Christian,
Unfortunately due to request pipelining (the norm in HTTP/1.1), any
attempt to send an error message or abort just results in the container
having to silently consume the body of the upload anyway. The next
request in the pipeline after a medium size upload could even
conceivably be in the same TCP packet, so the container has to consume
every request to make sure it correctly locates the start of the next
request.
It isn't worth even trying to handle - it's a necessary evil, the
flipside of the taken-for-granted speed boosts that request pipelining
brings.
Rick
Christian Kindler wrote:
Hi all,
there seems to be no possibility to immediately cancel a (multipart)
post request (for example if the content-length exceeds a certain
limit). Whatever I do in a servlet's doPost method (throwing an
exception, closing the request's stream, interrupting the current
thread), the client continues sending the data to the server.

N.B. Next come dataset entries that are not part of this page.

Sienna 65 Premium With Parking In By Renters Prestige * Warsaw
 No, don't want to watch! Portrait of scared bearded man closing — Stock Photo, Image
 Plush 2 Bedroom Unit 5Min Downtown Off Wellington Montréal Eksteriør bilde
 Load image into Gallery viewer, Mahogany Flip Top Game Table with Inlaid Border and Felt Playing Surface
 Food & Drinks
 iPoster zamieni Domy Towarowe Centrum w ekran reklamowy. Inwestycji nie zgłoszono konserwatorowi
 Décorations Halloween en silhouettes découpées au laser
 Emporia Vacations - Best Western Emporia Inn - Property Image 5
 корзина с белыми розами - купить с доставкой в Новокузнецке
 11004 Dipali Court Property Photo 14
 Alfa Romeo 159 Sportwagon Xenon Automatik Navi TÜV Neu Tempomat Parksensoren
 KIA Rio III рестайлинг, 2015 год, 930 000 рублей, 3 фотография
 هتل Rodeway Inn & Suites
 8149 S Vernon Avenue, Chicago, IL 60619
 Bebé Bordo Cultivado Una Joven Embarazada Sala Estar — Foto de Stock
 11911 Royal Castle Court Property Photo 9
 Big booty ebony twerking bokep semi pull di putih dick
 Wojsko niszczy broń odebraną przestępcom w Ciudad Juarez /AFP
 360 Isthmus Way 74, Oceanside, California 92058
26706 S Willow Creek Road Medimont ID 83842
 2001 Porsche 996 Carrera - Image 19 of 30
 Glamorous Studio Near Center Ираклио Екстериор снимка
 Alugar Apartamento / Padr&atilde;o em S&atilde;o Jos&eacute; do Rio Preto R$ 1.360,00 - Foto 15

So there is nothing I can do to prevent users from sending huge amount
if data to the server and producing a lot of traffic.
All I want to do is to cancel a request immediately. I don't care if
the client get's a reasonable error message or if the connection
remains or not. Is there any way to achieve this or is it a general
problem of the HTTP protocol?
I hope it's o.k. that I ask this question here, on the users list
unfortunately nobody could help or explain the reasons for this behavior.